Smart outlets are actually plug-in outlets. You plug them into a wall outlet or a power strip, and have your own outlet to plug into with the device you want to automate. You are neither gaining nor losing any outlets in the process.
I bought an affordable set of those recently. I got them at a regular price of about 26 EUR, so they didn't cost much.
After reading a short manual included in a package, I got an understanding of what they do and what they are capable of. In short, they are operated by a remote controller. They come without any setup, so you can switch them on and off manually bry pressing the single button they have on them. Before being able to operate them remotely, you have to setup them to any of the groups A, B or C. Every switch could belong to one, two or even all three of the groups. To add an outlet to the group, long press the button (3-6 seconds), than release, if the LED is blinking, press the appropriate button on the remote controller, and that makes the outlet member of the group on whose button you clicked on the remote controller. If you want to clear the setup of the outlet, press the same button longer than 6 seconds, and then release it. And this is all you need to know about using the outlets. With remote it functions well.

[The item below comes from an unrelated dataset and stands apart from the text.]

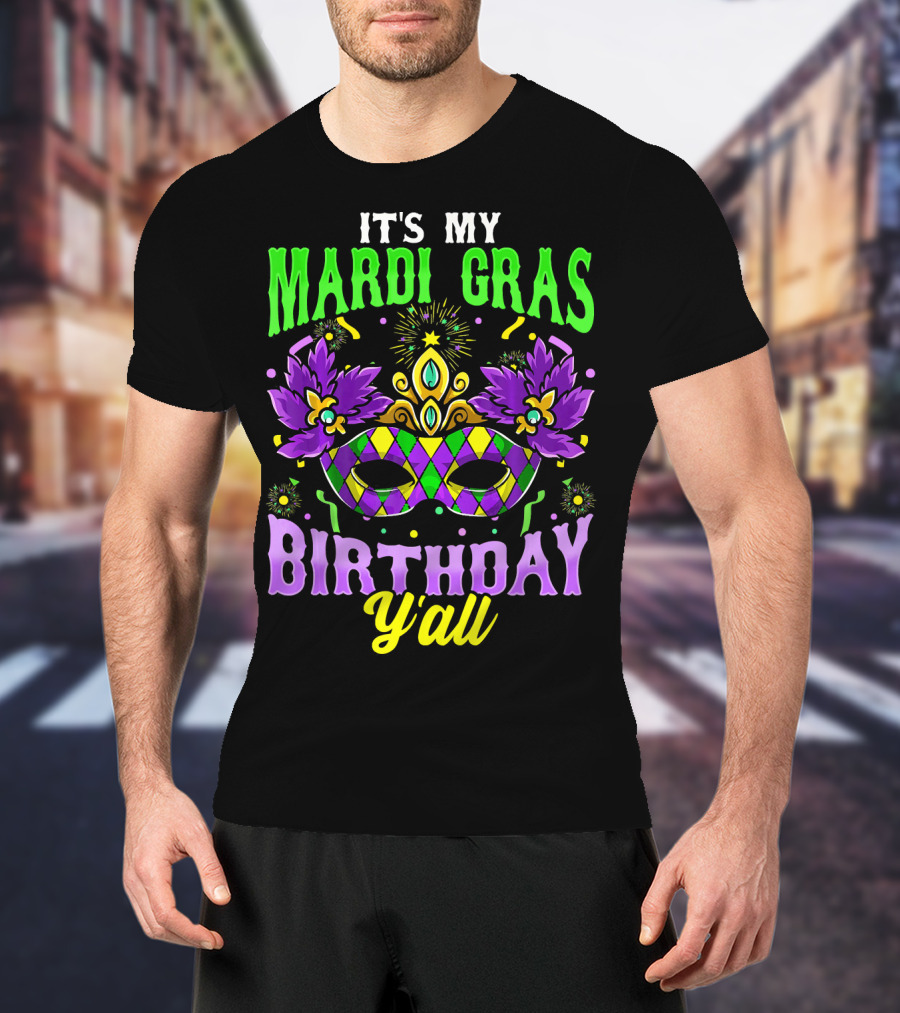 It's My Mardi Gras Birthday Y'all Colorful Mask T-Shirt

But if you want to operate smart outlets without a remote controller you will need some hacking. One is to hack into a remote controller, destructive and dirty approach. Second is to sniff the communication between remote controller and outlets and reproduce it, which is a way better solution. To try this solution you need a RF 433MHz transmitter and receiver pair, and I bought the most common one I could find. Both have VCC, GND and DATA pins (receiver has two DATA pins but you use only one), it transmits and receives signal present or not, binary code. You control it with the digital output or read it from digital input.
For sniffing onto communication between remote controller and the outlets, I used the Arduino with a receiver, and the code found in this github project. This software works great and I got my codes in no time.
With all this under control, an idea of having smarter smart charger project comes into existence.
This smarter version of the older project solves one big problem of its design. Bluetooth sometimes hangs and without restart connection can't be reastablished. And without that connection smart charging can not function.
Hardware is simple and affordable. All this project needs is:
Software is written in Visual Studio 2022 Community Edition, using Xamarin.
Application expects running Raspberry Pi from the project above.
The two sliders defining the upper and lower limits of battery charge level operating range dominates the form.
The lower value means that the charger will always be ON when the battery level is less than that value.
The upper value means that the charger will always be OFF when the battery level is greater than that value.
Third slider is a ping interval in minutes. It defines how often does the phone reports its status to the server.
Ping timeout occurs when there is no status received by the server in 2.5 ping intervals..
Commands to switch the charger on or off are going via server. Upon click on the button appropriate command is set to the server, and server executes it by sending correct RF code.
Foreground Service is started on first run. It is a special type of service in Android, that can survive for a longer time.
Android system is notorious for silently killing background services when it senses a lack of memory or other resources.
But foreground service has to maintain notification in the notification area of your phone, as long as it is active.
Service periodically checks (every Ping interval set above) the battery level and reports it to the server.